But what if you could use that interface, and it would transparently use the right indexes when possible? (or even better, generate them when necessary)

Lets say we have the npm registry, and we want to retrieve all the modules written by @substack,
even though substack has written many modules, it is still less than 1% of the registry, so a full scan
would be 99% wasted effort. Lets say that the average registry document is 5k, that is 95000*0.99*5000=470mb of unnecessary reads. 475mb total.

But lets say that we indexed all the maintainers? for simplicity lets say that the average length of both module names and user names is 8 characters. Say we create an index like {username}:{modulename} and index this for every module, 95000*(8+8+1) (1 for the separator) = 1.6mb of index data. but now we just need to read through 1% of the index (since they are ordered by username we can just jump straight to substack) 950*17 = 15200 that is only 15k of unnecessary data.
So, now we only read 15200 + 950*5000 = 4.7mb

Using this index we increase storage requirements by 1.6 mb but increase read perf by 100x.

But what about a more complex query? suppose we want to find modules written by substack that depend (directly) on async? now, a simple way to do this would be scan through the modules written by substack and check whether async is in the deps.
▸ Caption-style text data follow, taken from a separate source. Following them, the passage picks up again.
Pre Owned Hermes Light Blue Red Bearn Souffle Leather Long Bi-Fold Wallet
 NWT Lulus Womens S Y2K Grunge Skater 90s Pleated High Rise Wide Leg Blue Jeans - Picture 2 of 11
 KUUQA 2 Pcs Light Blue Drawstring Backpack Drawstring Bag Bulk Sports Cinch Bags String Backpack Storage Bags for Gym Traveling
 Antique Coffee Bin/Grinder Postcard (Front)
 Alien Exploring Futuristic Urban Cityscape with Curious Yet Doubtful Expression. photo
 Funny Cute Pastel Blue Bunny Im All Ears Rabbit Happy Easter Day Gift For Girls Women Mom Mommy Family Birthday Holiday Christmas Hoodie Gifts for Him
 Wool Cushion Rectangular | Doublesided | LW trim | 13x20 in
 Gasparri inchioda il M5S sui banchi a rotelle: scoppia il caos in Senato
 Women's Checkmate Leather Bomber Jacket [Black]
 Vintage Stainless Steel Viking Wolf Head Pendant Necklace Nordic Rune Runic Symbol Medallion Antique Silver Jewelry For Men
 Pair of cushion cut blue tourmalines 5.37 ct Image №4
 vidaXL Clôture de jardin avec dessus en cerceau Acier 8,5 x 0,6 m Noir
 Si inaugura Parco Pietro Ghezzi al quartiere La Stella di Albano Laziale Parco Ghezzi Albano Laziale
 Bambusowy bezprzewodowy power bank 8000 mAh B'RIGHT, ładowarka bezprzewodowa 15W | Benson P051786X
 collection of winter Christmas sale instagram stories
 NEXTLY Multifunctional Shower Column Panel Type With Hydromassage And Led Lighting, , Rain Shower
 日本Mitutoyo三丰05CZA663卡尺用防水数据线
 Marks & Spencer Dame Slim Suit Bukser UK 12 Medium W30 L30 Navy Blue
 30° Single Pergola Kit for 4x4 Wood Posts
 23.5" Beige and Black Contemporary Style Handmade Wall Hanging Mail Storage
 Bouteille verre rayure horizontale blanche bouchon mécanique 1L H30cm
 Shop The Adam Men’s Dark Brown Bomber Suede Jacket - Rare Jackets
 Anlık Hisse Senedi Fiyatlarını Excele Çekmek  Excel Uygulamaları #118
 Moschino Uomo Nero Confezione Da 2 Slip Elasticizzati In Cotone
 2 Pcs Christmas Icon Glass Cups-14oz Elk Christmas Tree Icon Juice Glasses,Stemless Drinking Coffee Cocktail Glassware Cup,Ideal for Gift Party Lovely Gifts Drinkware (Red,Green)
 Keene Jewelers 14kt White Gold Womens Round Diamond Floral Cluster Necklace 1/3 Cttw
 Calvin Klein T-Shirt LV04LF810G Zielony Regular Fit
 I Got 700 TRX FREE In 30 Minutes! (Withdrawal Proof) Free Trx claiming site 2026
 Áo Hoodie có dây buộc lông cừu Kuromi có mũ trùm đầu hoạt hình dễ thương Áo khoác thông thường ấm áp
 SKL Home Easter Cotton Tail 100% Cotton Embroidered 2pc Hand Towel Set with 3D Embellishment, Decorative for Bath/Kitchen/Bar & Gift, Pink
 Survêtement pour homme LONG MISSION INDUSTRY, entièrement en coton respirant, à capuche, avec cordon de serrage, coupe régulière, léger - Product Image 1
Lets say there was a time when substack used async, in 9 modules. 1% of the time. the scan costs us 4.7 mb, like before, but we discarded 99% of it.

Okay, so lets create a filter for this. udm:{username}:{dep}:{module} where module depends on dep
this index is more expensive because it has needs another 9 characters, plus we need a tag to distinguish it from the other indexes. 3+1+3*(8+1) = 29 so this index would need 2.75mb.
how much data would it save us? now we could directly read out the 9 substack modules that use async, 29*9+ 9*5000 = 45k this is 1000 times less! but here is the problem: how do we know we want to perform this query? what if we want to know all the users that depend on optimist? we'd also need a dum:{dep}:{username}:{module} index - and so on, we want our database to be really really fast,
so lets just index every pair of properties twice!

Lets say there are 20 properties on average, how many combinations of 2 properties?
(20!/(2!*(20-2)!) which cancels down to (20*19)/2 = 275), times 2 because we need 2 indexes,
gives us: 550*29 = 15950, that is 3 times the size of the document. if there where 30 properties it would be 40*39*29 = 45240. doubling the size of the document increases the size of the index 3 times,
now 9 times the size of the original document.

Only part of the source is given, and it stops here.